──────── GIVEN INFORMATION ────────

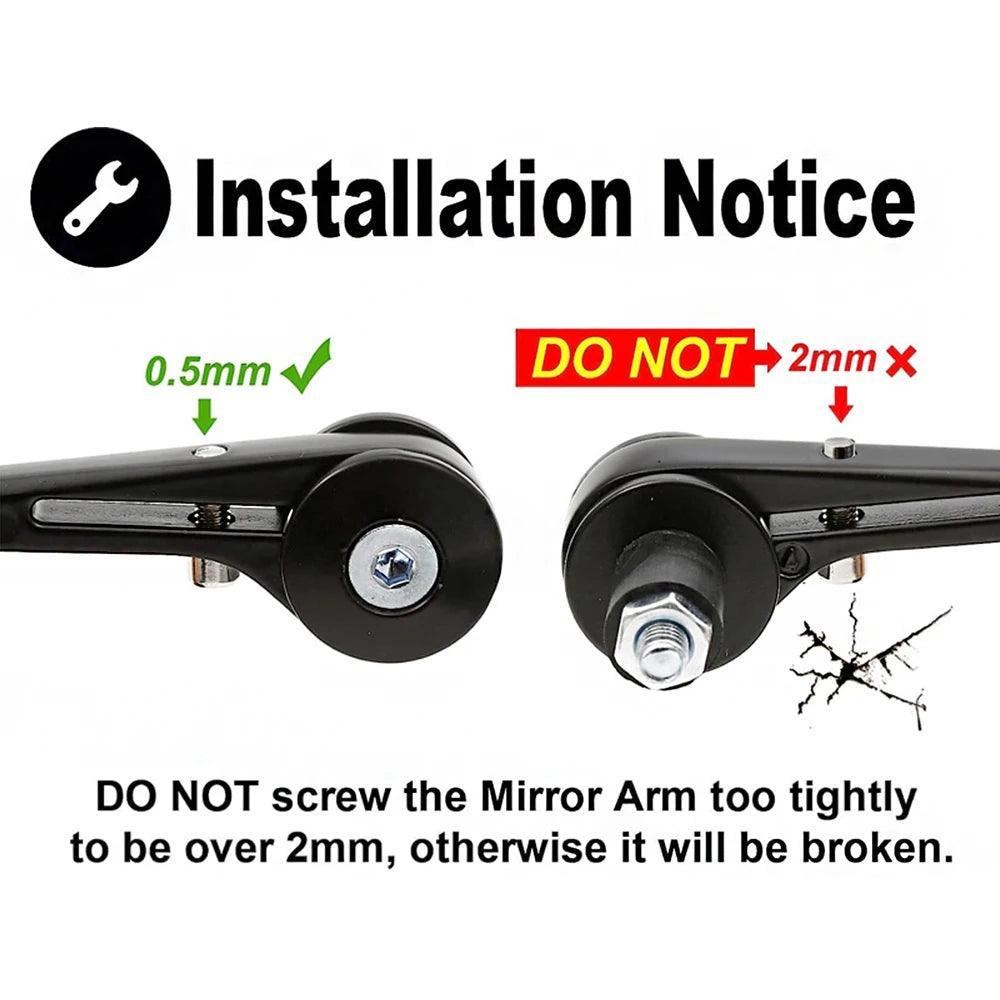 2x 7/8" 20mm Motorcycle Rear View Mirrors Anti-Glare HD Motorbike - VirtuousWares.Store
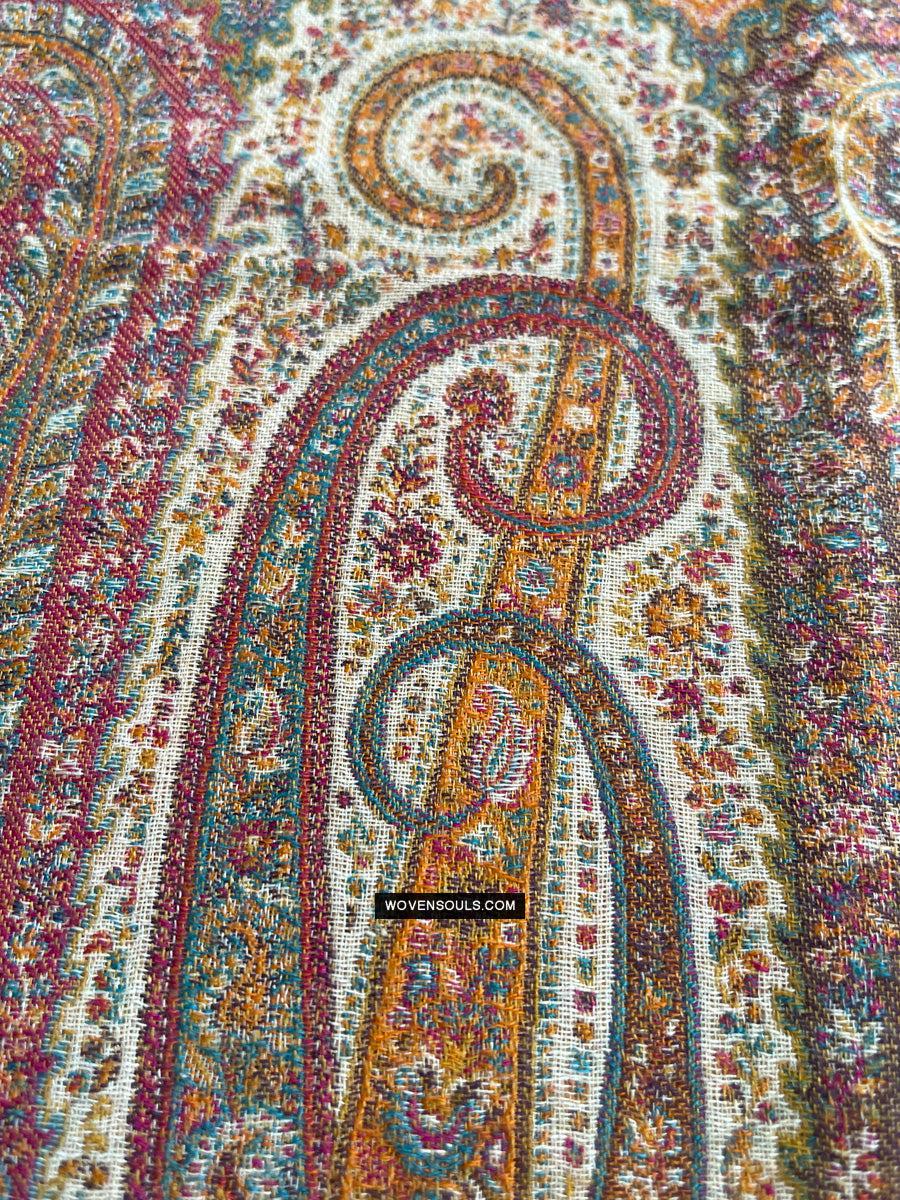1697 SOLD Exquisite Burnt Yellow Boteh Shawl from Kashmir - Recently Made-WOVENSOULS Antique Textiles & Art Gallery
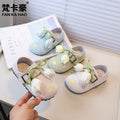 Vancahao kids' french-style leather shoes, new autumn  collection: embroidered princess shoes for girls, vintage student flats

────────

→ TASK INSTRUCTIONS
Reproduce the data above line for line, excluding every picture.

→ SOLUTION TO THIS PROBLEM
 2x 7/8" 20mm Motorcycle Rear View Mirrors Anti-Glare HD Motorbike - VirtuousWares.Store
1697 SOLD Exquisite Burnt Yellow Boteh Shawl from Kashmir - Recently Made-WOVENSOULS Antique Textiles & Art Gallery
 Vancahao kids' french-style leather shoes, new autumn  collection: embroidered princess shoes for girls, vintage student flats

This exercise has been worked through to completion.